Secondo una tesi, nel Paese si troverebbe il centro geografico del continente. Da lì, oggi, bisogna ripartire per rifondare l’idea di Europa
Si chiama Dilove ed è poco lontano dal confine con la Romania. Questo villaggio ucraino si contende con località di altri Paesi il ruolo di centro geografico del continente. L’abbiamo scoperto per caso, dalla fiera Olena, una delle rifugiate che abbiamo accompagnato a trovare salvezza in Svizzera: poche parole, ma mirate, le sue. Se questi calcoli risalenti all’Impero austroungarico siano corretti o meno poco importa: stupisce invece che il secondo più grande Paese europeo, nell’immaginario collettivo associato indissolubilmente all’Europa orientale, possa ospitare il centro dell’Europa.
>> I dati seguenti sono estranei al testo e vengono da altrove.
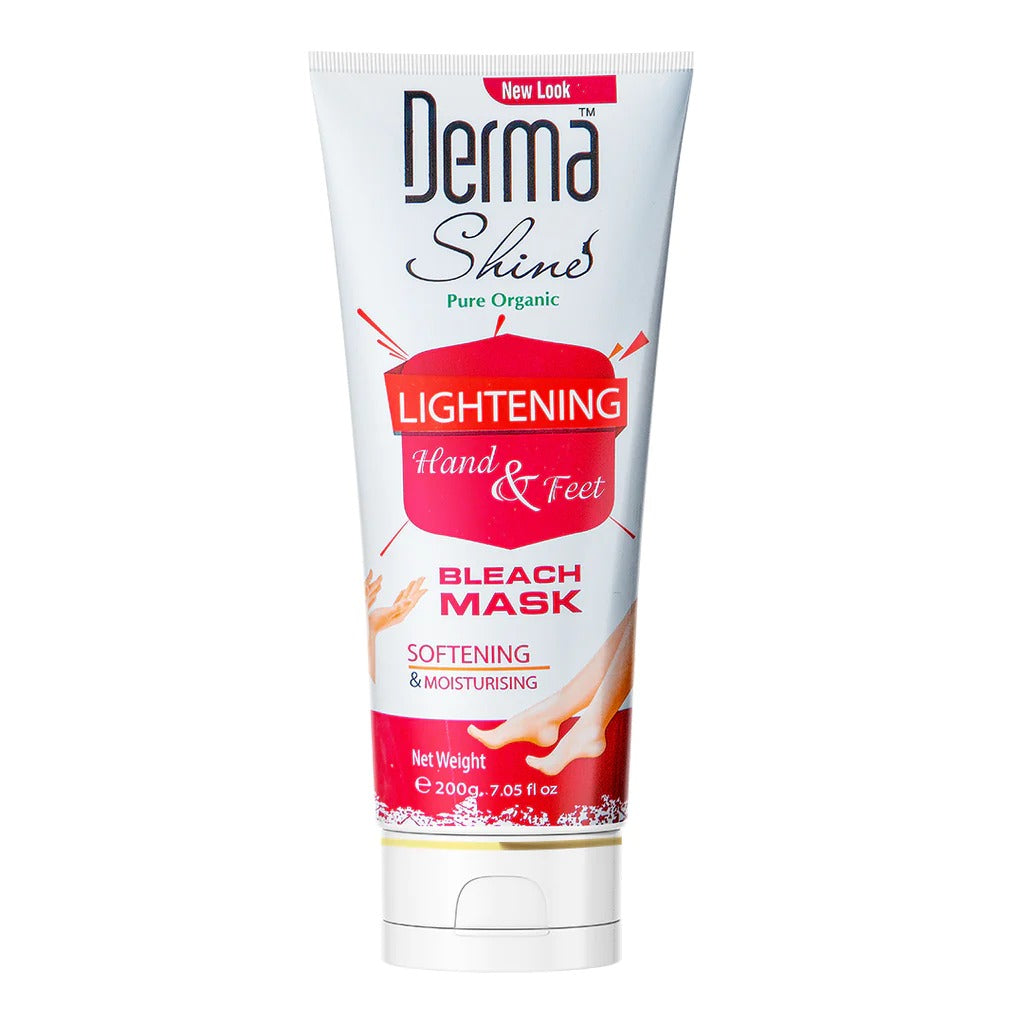 DERMA SHINE HAND AND FEET LIGHTENING BLEACH MASK & derma shines pedi scrub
Forse conviene partire da qui per una riflessione un po’ più ad ampio raggio. Che sia o meno il centro geografico, l’Ucraina è certamente diventata il centro politico e morale dell’Europa. Per il nostro reportage nel Paese in guerra non siamo entrati, ma Przemysl – quindici chilometri dal confine –, con le sue tante targhe e lingue, ne è l’anticamera. Un po’ a sorpresa, non abbiamo respirato aria di sangue e morte, ma voglia di riscatto, di coraggio e di estrema forza. Nei cuori di questi rifugiati c’è sì la disperazione della guerra, ma nei loro occhi abbiamo letto un’energia, una fame di vita, che non possono lasciare indifferenti. La stessa fame che anche il pur criticabile Zelensky sta dimostrando in questi giorni nella sua tournée virtuale.
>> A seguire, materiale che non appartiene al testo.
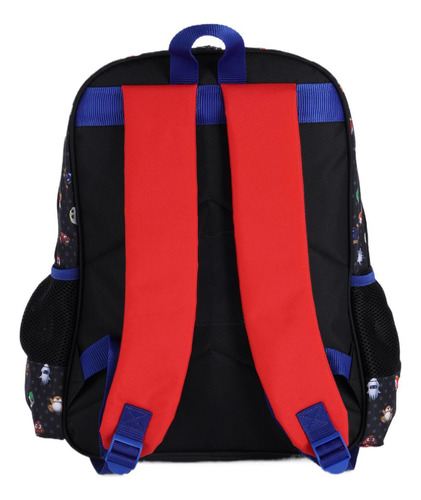 Mochila Costas Super Mario Infantil Estojo Box 100 Pens Cor Vermelho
Quest’istinto primordiale di chi lotta per la salvezza deve servirci da bussola, quando parliamo di questioni così delicate come i conflitti e le emergenze umanitarie. E la bussola indica un’unica direzione: quella dell’aiuto a chi ne ha bisogno. Si tratta di un dovere morale fondamentale e più alto rispetto alle polemiche sulla copertura giornalistica delle guerre o sulle responsabilità politiche delle varie potenze, per non parlare di chi nei dibattiti televisivi vuole imporre la propria opinione ma poi non è neanche capace di pronunciare Przemysl. C’è arroganza culturale, c’è ignoranza, tanta. C’è poca voglia di ascoltare e troppa di parlare. Olena invece parla poco e ascolta molto. E ci dà grandi lezioni di dignità.
Bisogna quindi ripartire dalle storie, innumerevoli, non solo dei rifugiati ma anche dei volontari. Quel che conforta infatti, a Przemysl, è l’energia positiva che nonostante tutto inonda la città. Perché questo dovere morale, questa bussola, ce l’hanno in molti. E vengono da tutto il continente. Da Paesi che fanno parte della Nato e Paesi che non ne fanno parte, da Paesi membri dell’Unione europea e non. Questo indica che i nostri valori sono comuni, al di là delle affiliazioni geopolitiche. L’evoluzione del conflitto è quantomai incerta, ma a un mese dall’attacco una certezza l’abbiamo già: l’Europa e gli europei sono vivi. L’onda benefica probabilmente senza precedenti ne è l’emblema. Questa forza va capitalizzata, va tramutata in un rinnovato spirito di collaborazione che non si limiti alle frontiere aperte e al mercato comune, ma che sia veramente inclusiva di tutti i popoli che condividono gli stessi valori, senza fratelli maggiori e minori e senza ipocriti paternalismi. È inevitabilmente una riflessione un po’ utopica, ma noi questi ideali a Przemysl li abbiamo toccati. Che bello sarebbe se anche la politica parlasse meno e ascoltasse di più. Come Olena.